What is being asked
Your task is to give the listing below back word for word, pictures excluded.

Information shown
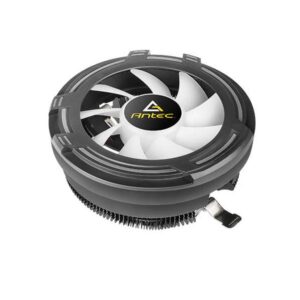 Antec T120 Circuiti integrati Raffreddatore d'aria 12 cm Nero 1 pz (ANTEC T120 Fan CPU Cooler, Universal Socket, 120mm Chromatic Silent RGB Fan, 1500RPM, Massive Black Aluminium Fins for Enhanced Coo - E_0009_B46354222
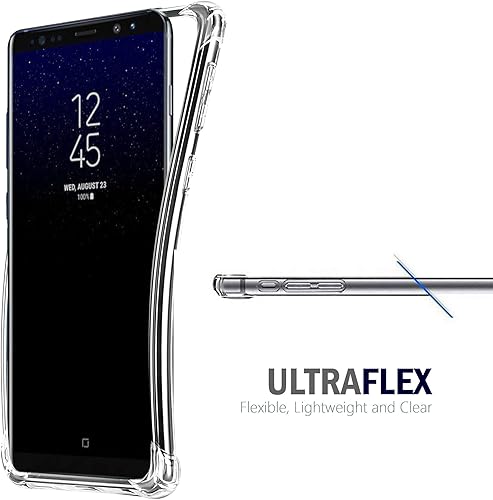 Miniatura 3 de CasesOnDeck - Funda compatible con Samsung Galaxy Note 8, funda delgada y transparente de poliuretano termoplástico flexible con protección en las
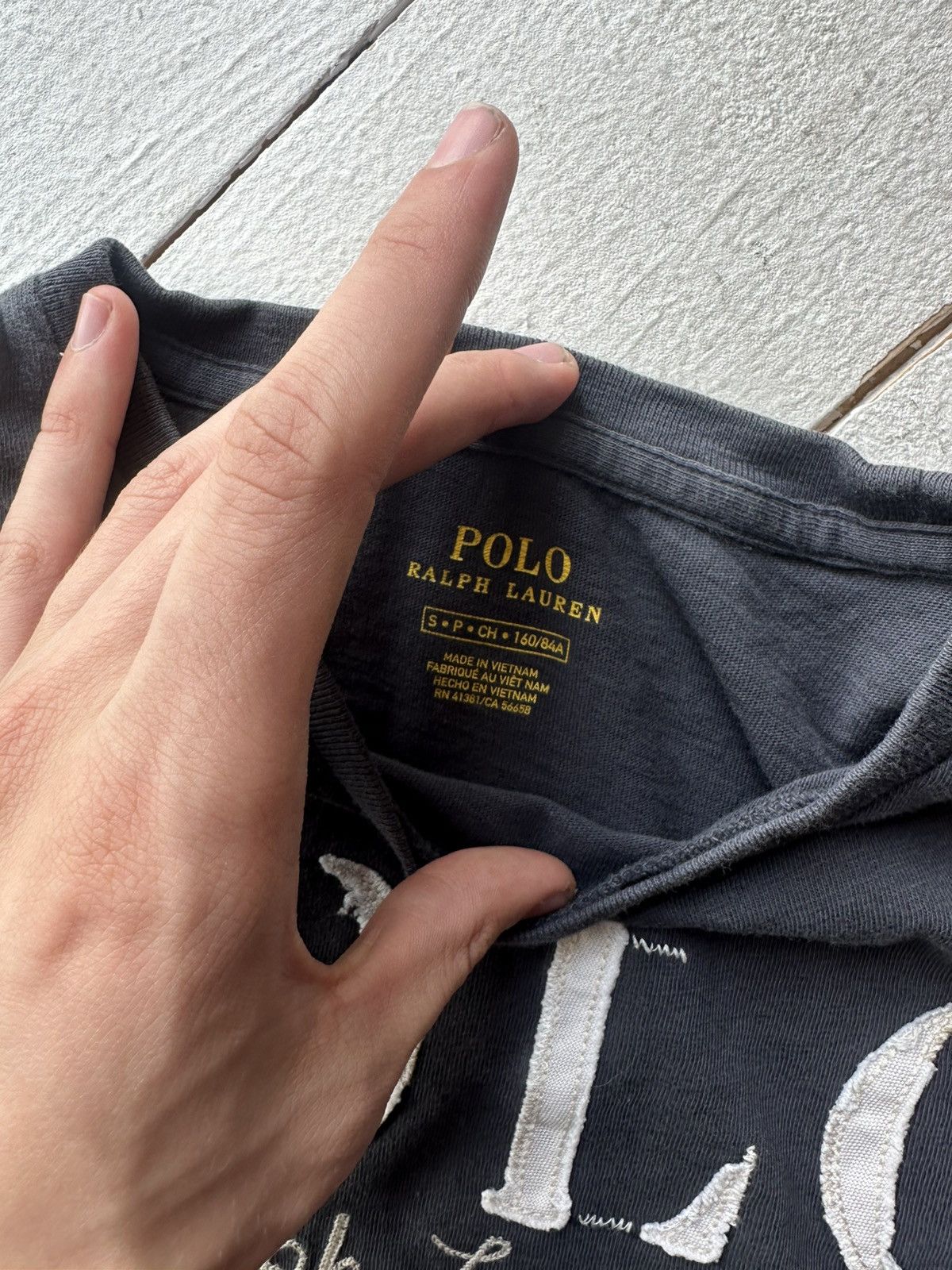Polo Ralph Lauren 🚨Polo Ralph Lauren Cropped Tee T-shirt women luxury big logo Size S / US 4 / IT 40 - 5 Thumbnail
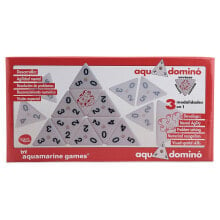 AQUAMARINE Triangular Dominoes Board Game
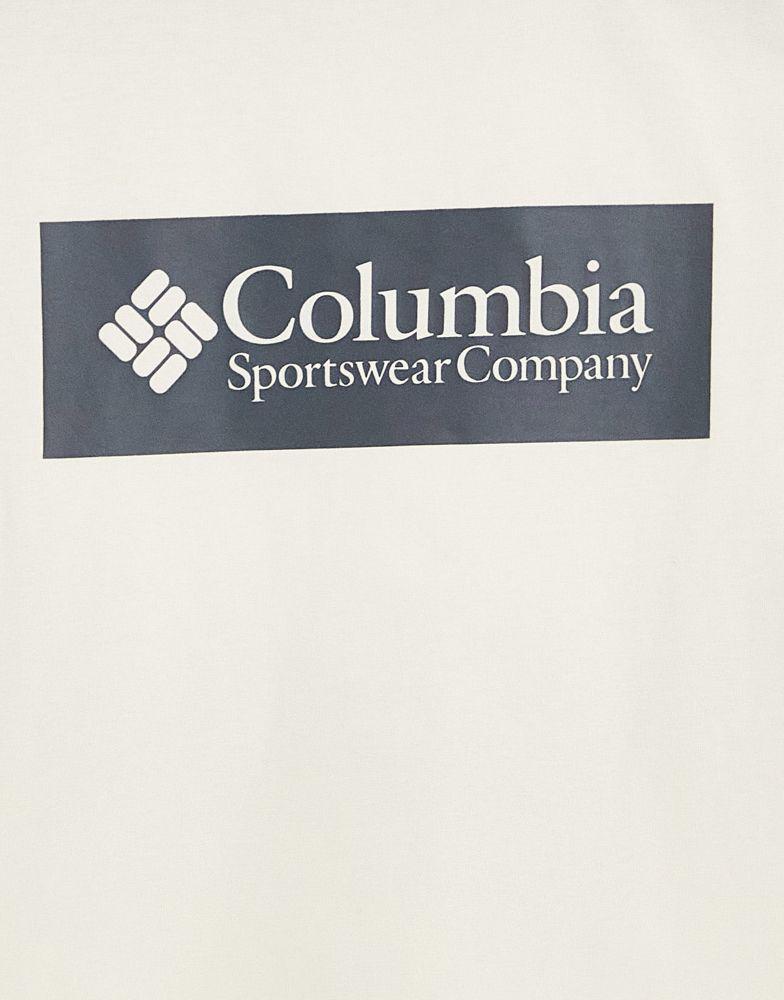 Columbia CSC River back print cropped t-shirt in cream Exclusive at ASOS商品第3张图片规格展示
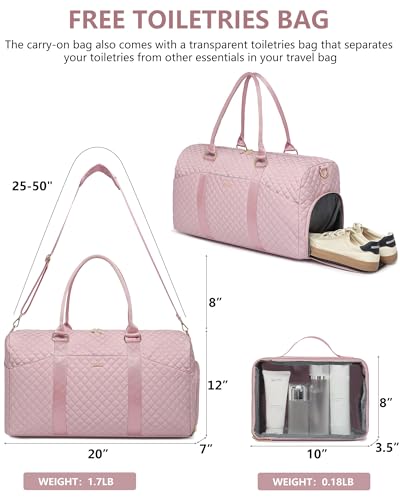 Women Weekender Travel Duffle Bag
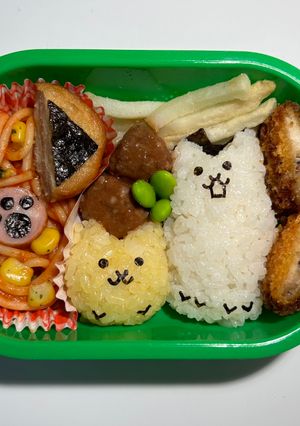 にゃんこ大戦争　キャラ弁-レシピのメイン写真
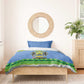 Afro Gabon Christmas Bedding Set Coat Of Arm Mix African Pattern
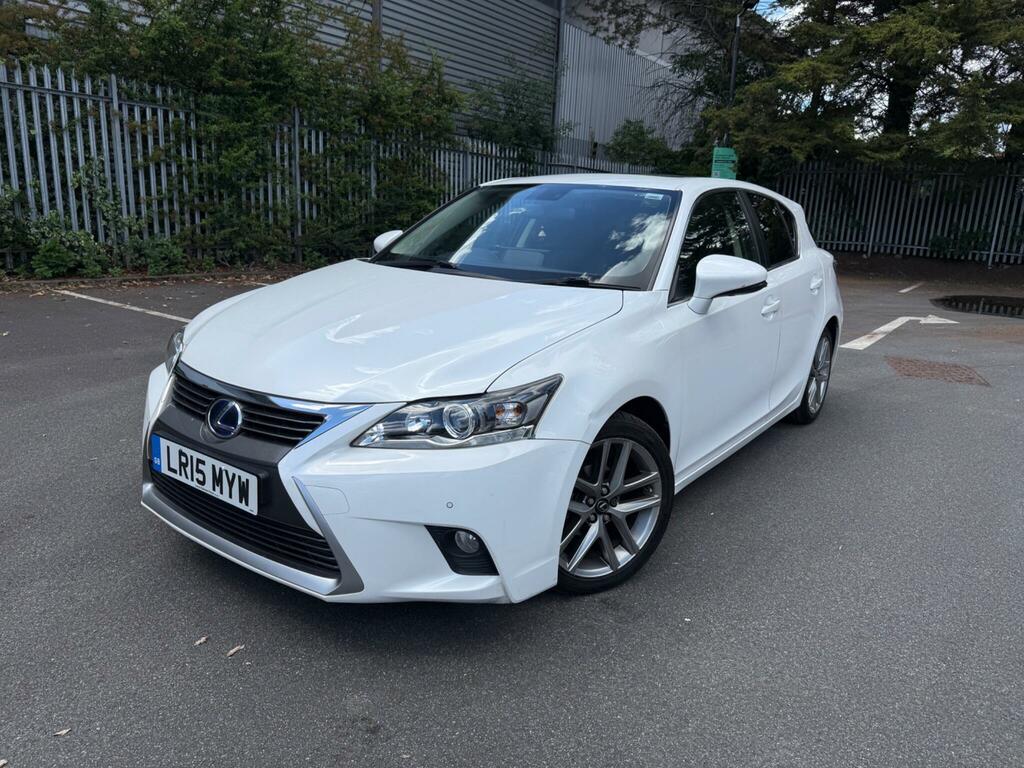 Lexus CT 1.8 200H Advance Plus Cvt Euro 6 Ss White #3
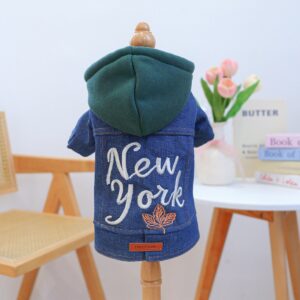 Pet Hoodie for Dogs and Cats, Rock Denim Style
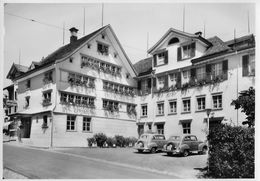 SPEICHER → Restaurant Und Hotel Appenzellerhof Mit Oldtimer Davor, Fotokarte Ca.1950 - Speicher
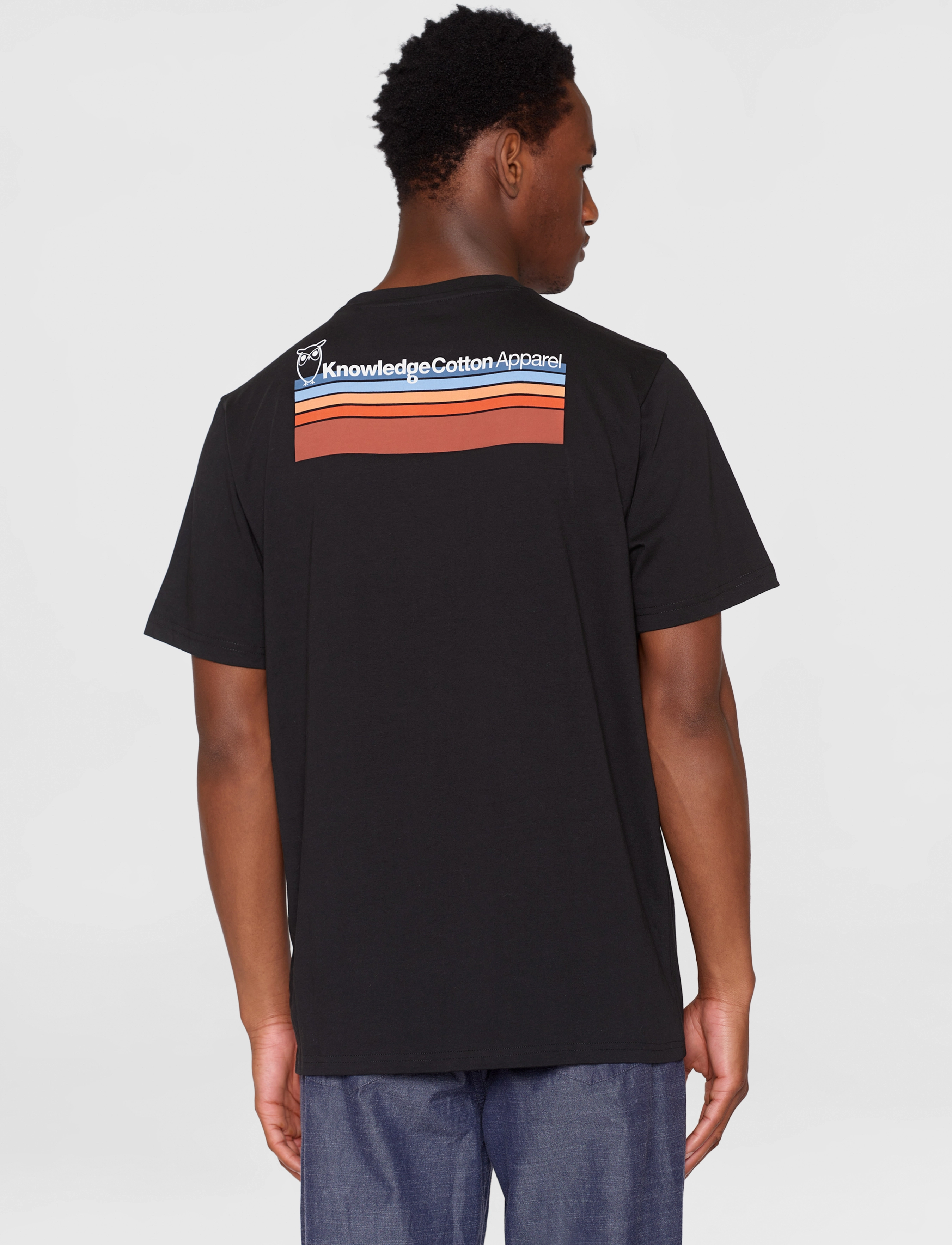 Knowledge Cotton Apparel - Regular fit Knowledge back print t- - black jet - 2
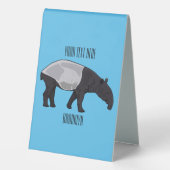 Plaque De Table Dessin sur Tapir (Verso)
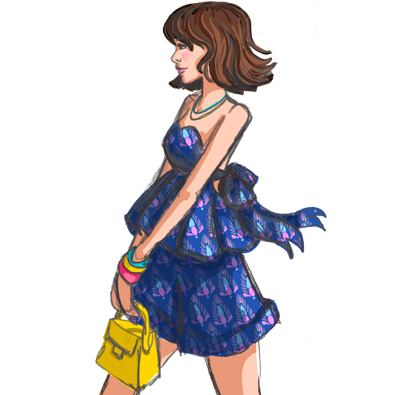 Michelle Baron Fashion Illustrtaion Summer Style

Task result
 Antec T120 Circuiti integrati Raffreddatore d'aria 12 cm Nero 1 pz (ANTEC T120 Fan CPU Cooler, Universal Socket, 120mm Chromatic Silent RGB Fan, 1500RPM, Massive Black Aluminium Fins for Enhanced Coo - E_0009_B46354222
 Miniatura 3 de CasesOnDeck - Funda compatible con Samsung Galaxy Note 8, funda delgada y transparente de poliuretano termoplástico flexible con protección en las
Polo Ralph Lauren 🚨Polo Ralph Lauren Cropped Tee T-shirt women luxury big logo Size S / US 4 / IT 40 - 5 Thumbnail
 AQUAMARINE Triangular Dominoes Board Game
 Columbia CSC River back print cropped t-shirt in cream Exclusive at ASOS商品第3张图片规格展示
 Women Weekender Travel Duffle Bag
 にゃんこ大戦争　キャラ弁-レシピのメイン写真
 Afro Gabon Christmas Bedding Set Coat Of Arm Mix African Pattern
 Lexus CT 1.8 200H Advance Plus Cvt Euro 6 Ss White #3
 Pet Hoodie for Dogs and Cats, Rock Denim Style
 SPEICHER → Restaurant Und Hotel Appenzellerhof Mit Oldtimer Davor, Fotokarte Ca.1950 - Speicher
 Knowledge Cotton Apparel - Regular fit Knowledge back print t- - black jet - 2
 Plaque De Table Dessin sur Tapir (Verso)
 Michelle Baron Fashion Illustrtaion Summer Style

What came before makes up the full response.